*** Block opens ***

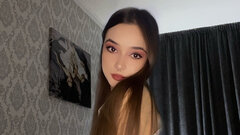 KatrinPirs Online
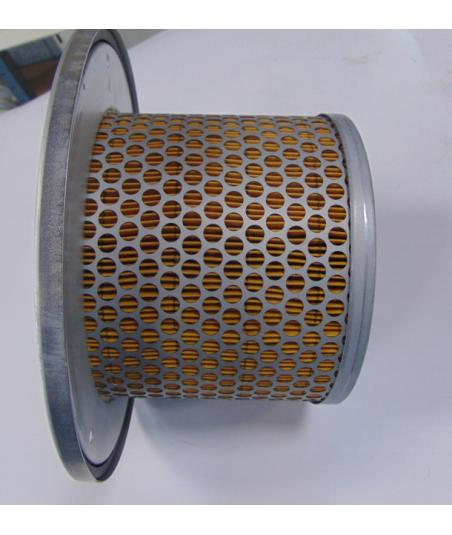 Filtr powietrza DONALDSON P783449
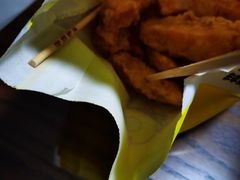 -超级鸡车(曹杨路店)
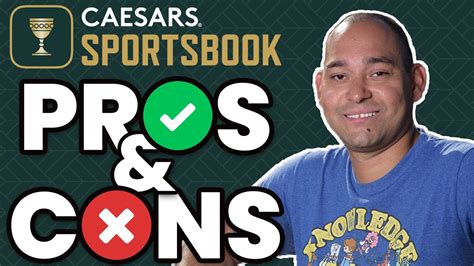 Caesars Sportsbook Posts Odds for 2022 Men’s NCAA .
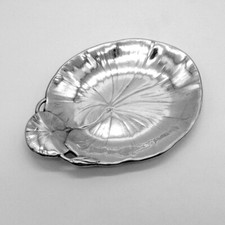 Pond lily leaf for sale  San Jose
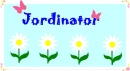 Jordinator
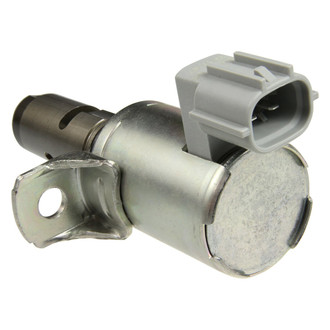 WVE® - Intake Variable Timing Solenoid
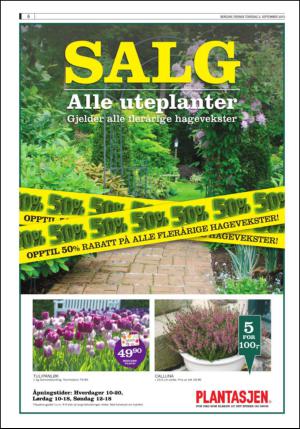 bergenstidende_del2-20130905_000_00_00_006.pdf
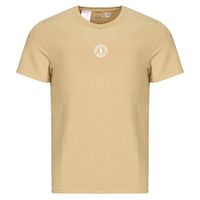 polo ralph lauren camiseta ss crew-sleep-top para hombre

*** Block closes ***
*** Block opens ***

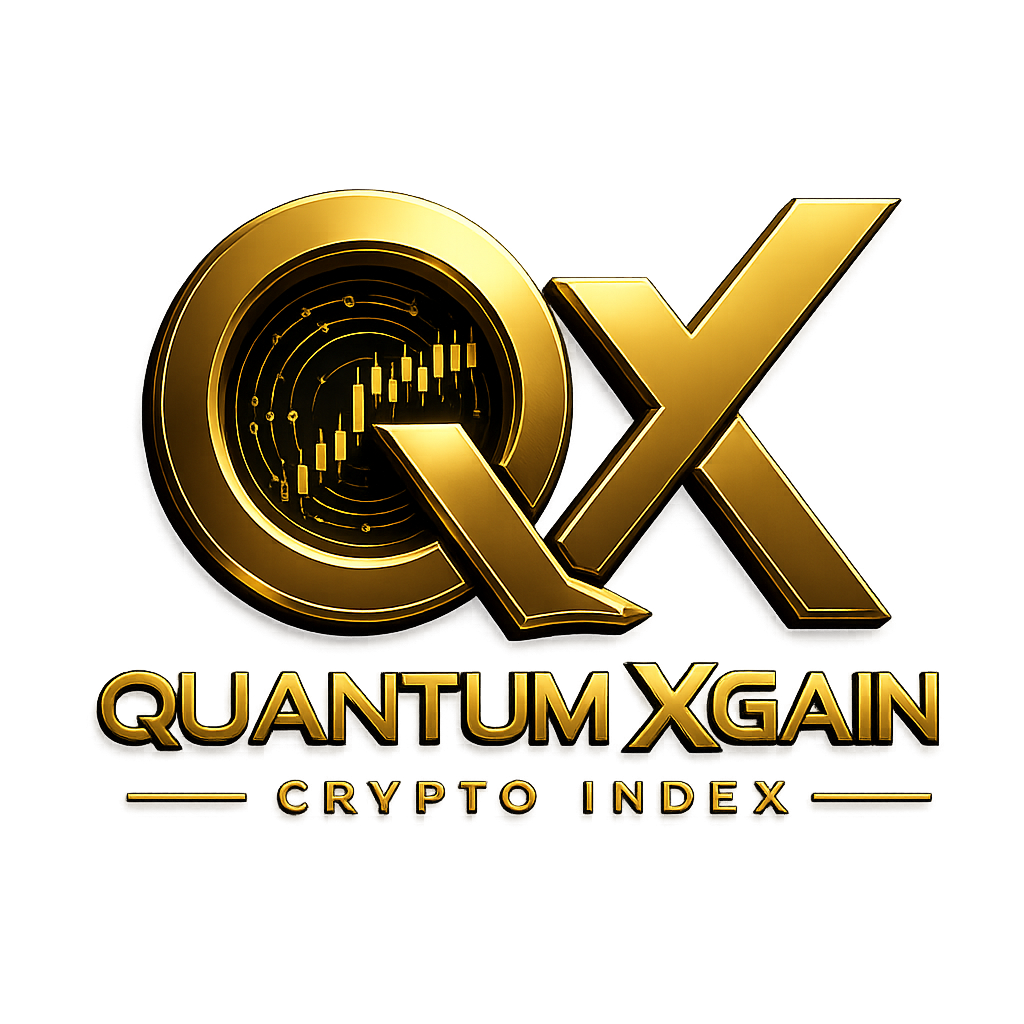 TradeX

*** Block closes ***

§ **Task to carry out**:
Of the records above, print only the lines from the one containing "KatrinPirs Online" through the one containing "polo ralph lauren", inclusive and unaltered, leaving out pictures.

§ **Answer to this problem**:
 KatrinPirs Online
 Filtr powietrza DONALDSON P783449
 -超级鸡车(曹杨路店)
 Caesars Sportsbook Posts Odds for 2022 Men’s NCAA .
 Pond lily leaf for sale  San Jose
 Jordinator
 WVE® - Intake Variable Timing Solenoid
 bergenstidende_del2-20130905_000_00_00_006.pdf
 polo ralph lauren camiseta ss crew-sleep-top para hombre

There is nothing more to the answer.